Usefulness assessment

Perhaps we can do something to retain our key employees who, according to our algorithm, are eyeing the exit sign. And this knowledge may help us keep them aboard.

In this case, the algorithm will indeed be of use. But there are two catches.

Number one. Do we as an organization have some leverage to make an individual change his or her mind and mentally get back on the team? After all, people quit not because some random event generator says so. Far from that, the resignation can be shaped by some internal reasons (an individual disapproves of something) or external factors (going through a rough patch, getting a better offer, etc.). Basically, there is no way you can change those external factors. On the other hand, we can change the internal factors, though really only to an extent. Even if we are spot-on with those reasons, it does not guarantee that the employee stays.

Number two. What does it take for an algorithm to work efficiently? To paraphrase, what is the price we are paying to predict the resignation date? Here are some potential questions and issues we may face.

What data do we need to collect from our employees for the algorithm to work? What input data will it require? Aren’t we getting on our employees’ nerves by, say, having them wear collars and GPS trackers to collect information on their every step around the office or beyond?
Won’t the very fact of being monitored cause the employees’ frustration (the Big Brother effect)? Keeping such tracking activities under wraps, as one might think, would be impossible by any stretch.
Where will the employees be taking their assumptions about the company if it tries to influence them through collecting the data (see point 1)? Won’t they be — whether consciously or not — tweaking their behavior to keep aligned with the system, providing us with an imitation rather than the information useful to our business?

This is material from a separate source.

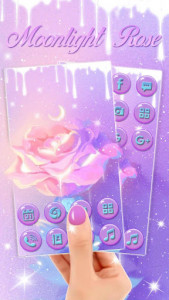 اسکرین شات برنامه Moonlight Rose Themes Live Wallpapers 3
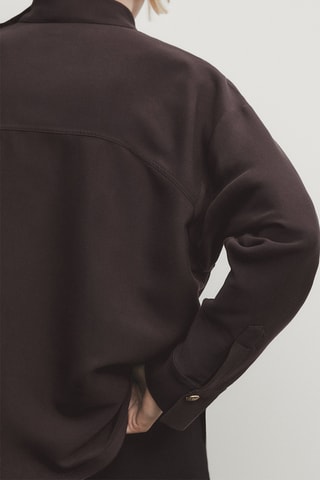 Blusa - Castanho-escuro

Although each of these three questions warrants a separate discussion, I’d like you to take a step back to where we assumed that our algorithm is 100% accurate. The reality is that it will NOT be that accurate. And since the subject is too sensitive, each error will only undermine confidence in both the algorithm and its developers.

But reservations aside, if such an algorithm were to exist, how could it perform and what would it assess?

Formal take

Technically, it is no big deal on the ML side of things.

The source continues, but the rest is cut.